Roy D. Chapin, automobile manufacturer and secretary of commerce in the administration of Herbert Hoover, was born February 23, 1880 in Lansing, Michigan. He attended the University of Michigan but did not graduate, leaving in 1901 to join the Olds Motor Works. Desiring to establish his own company, Chapin and other Olds employees went out in 1906 in search of the money needed to produce the car that had been designed by one of their number Howard E. Coffin. They first received financial backing from E. R. Thomas, then later in 1908, when Thomas dropped out of the picture, from Hugh R. Chalmers. The company they formed was Chalmers-Detroit Motor Company.

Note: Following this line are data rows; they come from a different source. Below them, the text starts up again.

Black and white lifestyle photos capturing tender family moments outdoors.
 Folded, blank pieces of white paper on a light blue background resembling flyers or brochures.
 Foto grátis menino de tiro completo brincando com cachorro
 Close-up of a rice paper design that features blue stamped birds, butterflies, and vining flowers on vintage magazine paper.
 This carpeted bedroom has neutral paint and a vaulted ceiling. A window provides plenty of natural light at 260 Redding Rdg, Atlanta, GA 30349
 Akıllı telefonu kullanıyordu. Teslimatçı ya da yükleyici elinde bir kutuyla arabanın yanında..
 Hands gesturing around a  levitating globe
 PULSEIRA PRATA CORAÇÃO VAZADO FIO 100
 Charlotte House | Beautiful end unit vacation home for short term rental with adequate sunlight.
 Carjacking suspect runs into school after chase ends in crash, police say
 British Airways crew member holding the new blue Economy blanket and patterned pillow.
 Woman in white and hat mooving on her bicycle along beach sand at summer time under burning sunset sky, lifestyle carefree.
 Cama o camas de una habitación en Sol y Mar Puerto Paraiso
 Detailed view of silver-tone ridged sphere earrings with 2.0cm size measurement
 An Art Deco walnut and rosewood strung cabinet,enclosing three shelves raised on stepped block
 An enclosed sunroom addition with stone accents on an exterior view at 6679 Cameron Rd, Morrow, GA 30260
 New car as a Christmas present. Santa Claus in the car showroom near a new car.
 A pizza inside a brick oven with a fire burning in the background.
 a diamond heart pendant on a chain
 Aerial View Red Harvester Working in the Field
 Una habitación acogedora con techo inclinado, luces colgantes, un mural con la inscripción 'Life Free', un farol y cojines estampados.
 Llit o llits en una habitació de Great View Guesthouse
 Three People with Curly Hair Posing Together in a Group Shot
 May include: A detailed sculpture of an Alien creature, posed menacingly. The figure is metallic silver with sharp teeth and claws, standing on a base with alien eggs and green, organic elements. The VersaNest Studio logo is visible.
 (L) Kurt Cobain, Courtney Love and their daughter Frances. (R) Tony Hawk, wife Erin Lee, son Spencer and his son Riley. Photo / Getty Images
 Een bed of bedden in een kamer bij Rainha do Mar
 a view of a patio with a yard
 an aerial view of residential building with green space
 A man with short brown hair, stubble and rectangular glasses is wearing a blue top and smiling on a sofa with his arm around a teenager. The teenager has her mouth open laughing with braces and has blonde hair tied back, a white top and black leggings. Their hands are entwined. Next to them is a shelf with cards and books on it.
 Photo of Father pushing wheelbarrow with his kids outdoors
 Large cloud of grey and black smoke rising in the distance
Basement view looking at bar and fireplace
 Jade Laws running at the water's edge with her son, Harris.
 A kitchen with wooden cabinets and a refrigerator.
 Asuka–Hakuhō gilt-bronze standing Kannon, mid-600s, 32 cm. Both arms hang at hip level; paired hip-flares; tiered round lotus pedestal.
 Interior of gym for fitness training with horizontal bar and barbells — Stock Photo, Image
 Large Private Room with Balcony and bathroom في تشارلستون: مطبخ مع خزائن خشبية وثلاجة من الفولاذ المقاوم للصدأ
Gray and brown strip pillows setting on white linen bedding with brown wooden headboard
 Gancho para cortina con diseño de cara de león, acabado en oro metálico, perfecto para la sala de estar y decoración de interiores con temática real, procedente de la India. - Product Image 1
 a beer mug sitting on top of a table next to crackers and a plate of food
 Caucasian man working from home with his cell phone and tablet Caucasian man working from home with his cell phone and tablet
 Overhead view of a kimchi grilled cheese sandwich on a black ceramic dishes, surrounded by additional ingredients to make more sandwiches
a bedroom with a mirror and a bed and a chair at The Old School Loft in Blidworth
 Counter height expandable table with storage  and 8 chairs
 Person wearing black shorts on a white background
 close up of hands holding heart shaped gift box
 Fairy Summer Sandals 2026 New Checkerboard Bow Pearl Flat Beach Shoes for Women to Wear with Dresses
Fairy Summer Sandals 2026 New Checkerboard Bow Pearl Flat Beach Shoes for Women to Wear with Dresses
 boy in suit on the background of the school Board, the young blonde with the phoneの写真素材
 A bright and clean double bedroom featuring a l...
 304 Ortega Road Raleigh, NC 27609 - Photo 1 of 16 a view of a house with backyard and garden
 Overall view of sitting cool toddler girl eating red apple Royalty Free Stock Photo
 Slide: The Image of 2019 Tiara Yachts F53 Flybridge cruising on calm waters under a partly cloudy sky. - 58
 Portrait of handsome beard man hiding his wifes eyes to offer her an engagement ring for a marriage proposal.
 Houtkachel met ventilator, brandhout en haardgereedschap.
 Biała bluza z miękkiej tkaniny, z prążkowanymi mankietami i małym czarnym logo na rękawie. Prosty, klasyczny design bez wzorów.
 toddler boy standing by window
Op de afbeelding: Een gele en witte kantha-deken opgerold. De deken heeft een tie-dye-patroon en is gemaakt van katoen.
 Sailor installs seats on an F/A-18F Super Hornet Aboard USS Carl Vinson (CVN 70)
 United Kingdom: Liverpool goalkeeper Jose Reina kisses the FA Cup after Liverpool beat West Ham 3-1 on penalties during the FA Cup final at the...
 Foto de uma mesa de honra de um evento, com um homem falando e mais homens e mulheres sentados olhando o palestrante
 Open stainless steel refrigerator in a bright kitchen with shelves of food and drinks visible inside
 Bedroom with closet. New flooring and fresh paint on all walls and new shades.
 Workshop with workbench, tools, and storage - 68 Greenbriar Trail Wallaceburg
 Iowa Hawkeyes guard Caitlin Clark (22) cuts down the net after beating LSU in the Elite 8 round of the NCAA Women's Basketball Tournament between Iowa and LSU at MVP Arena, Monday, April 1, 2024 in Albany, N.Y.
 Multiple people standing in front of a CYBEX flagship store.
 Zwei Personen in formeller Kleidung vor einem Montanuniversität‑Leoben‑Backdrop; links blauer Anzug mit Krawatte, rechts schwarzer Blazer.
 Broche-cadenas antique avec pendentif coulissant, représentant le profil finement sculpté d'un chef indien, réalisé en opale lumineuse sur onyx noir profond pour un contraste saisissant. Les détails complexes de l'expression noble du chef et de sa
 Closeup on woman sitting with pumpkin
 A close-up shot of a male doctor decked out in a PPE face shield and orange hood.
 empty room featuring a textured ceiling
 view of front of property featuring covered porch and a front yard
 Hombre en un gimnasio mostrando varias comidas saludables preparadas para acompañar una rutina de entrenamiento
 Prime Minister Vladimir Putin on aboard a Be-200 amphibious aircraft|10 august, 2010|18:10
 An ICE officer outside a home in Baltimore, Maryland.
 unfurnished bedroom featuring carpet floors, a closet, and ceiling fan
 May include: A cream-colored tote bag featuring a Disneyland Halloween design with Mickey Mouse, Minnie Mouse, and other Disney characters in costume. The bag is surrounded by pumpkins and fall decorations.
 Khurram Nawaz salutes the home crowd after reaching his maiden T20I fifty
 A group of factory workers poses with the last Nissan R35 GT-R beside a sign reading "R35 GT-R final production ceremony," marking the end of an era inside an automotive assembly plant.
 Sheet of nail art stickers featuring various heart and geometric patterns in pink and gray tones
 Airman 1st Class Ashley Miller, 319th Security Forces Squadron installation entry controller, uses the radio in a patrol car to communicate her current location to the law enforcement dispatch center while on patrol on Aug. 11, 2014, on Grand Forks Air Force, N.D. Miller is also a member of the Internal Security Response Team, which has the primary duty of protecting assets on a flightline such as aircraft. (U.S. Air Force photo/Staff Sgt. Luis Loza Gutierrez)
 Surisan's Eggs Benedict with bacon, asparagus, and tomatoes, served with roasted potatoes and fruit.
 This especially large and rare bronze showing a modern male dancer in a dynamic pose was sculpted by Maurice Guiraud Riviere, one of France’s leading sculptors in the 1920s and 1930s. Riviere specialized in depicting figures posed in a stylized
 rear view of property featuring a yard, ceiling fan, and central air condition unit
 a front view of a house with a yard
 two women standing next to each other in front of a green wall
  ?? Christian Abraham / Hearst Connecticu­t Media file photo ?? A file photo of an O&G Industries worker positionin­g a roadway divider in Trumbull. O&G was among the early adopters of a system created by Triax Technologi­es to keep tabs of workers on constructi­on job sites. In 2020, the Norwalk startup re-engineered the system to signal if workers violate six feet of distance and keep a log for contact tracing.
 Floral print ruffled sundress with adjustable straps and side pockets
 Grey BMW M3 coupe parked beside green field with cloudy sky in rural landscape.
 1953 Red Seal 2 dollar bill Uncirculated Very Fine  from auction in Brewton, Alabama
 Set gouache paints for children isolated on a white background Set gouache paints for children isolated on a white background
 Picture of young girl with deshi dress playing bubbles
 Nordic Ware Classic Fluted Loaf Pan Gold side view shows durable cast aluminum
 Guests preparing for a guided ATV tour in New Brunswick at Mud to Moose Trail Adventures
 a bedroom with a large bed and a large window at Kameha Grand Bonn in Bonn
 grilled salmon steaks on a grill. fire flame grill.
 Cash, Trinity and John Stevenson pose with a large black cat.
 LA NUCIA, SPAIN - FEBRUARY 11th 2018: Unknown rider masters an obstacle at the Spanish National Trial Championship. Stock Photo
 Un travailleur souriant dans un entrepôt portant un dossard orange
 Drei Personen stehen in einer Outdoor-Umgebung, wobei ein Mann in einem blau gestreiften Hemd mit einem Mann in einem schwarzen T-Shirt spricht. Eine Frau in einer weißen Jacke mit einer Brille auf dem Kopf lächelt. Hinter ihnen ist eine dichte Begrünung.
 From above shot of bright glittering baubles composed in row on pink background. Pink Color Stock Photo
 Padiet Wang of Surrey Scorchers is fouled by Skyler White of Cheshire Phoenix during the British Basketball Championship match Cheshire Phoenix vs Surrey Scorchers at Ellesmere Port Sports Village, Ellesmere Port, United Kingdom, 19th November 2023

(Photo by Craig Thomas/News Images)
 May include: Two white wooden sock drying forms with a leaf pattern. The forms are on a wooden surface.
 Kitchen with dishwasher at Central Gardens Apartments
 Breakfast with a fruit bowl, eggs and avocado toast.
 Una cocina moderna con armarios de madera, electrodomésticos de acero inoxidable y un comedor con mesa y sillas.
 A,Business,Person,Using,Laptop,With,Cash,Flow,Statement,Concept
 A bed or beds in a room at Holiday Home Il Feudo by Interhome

Within the Chalmer organization, Chapin and Coffin still had dreams of producing the Coffin-designed car. With backing from department store giant Joseph L. Hudson, they established the Hudson Motor Car Company. Originally part of Chalmers, the Hudson became independent when Chalmers bought out the interest of Chapin and Coffin in his company. With this restructuring, Chapin became president of Hudson.
During World War I, Chapin served as chairman of the highway transport committee of the Council of National Defense. After the war, Chapin initiated changes in his company. He introduced a popularly priced car, the Essex, in 1919; in 1922, he began offering closed cars similarly priced to the traditional touring car; and in 1922 also, he reorganized the company's finances which provided new capital for expansion.
In 1923, Chapin resigned as president to become chairman of the board. This move allowed him to devote more time to other interests, such as the good roads movement. Chapin was vice president of the Lincoln Highway Association chairman of the good roads committee of the Automobile Board of Trade, and chairman of the highway transport committee of the International Chamber of Commerce.
In 1932, Chapin was appointed Secretary of Commerce. He served briefly, returning in 1933 to Hudson to take over again as president. Chapin died February 16, 1936.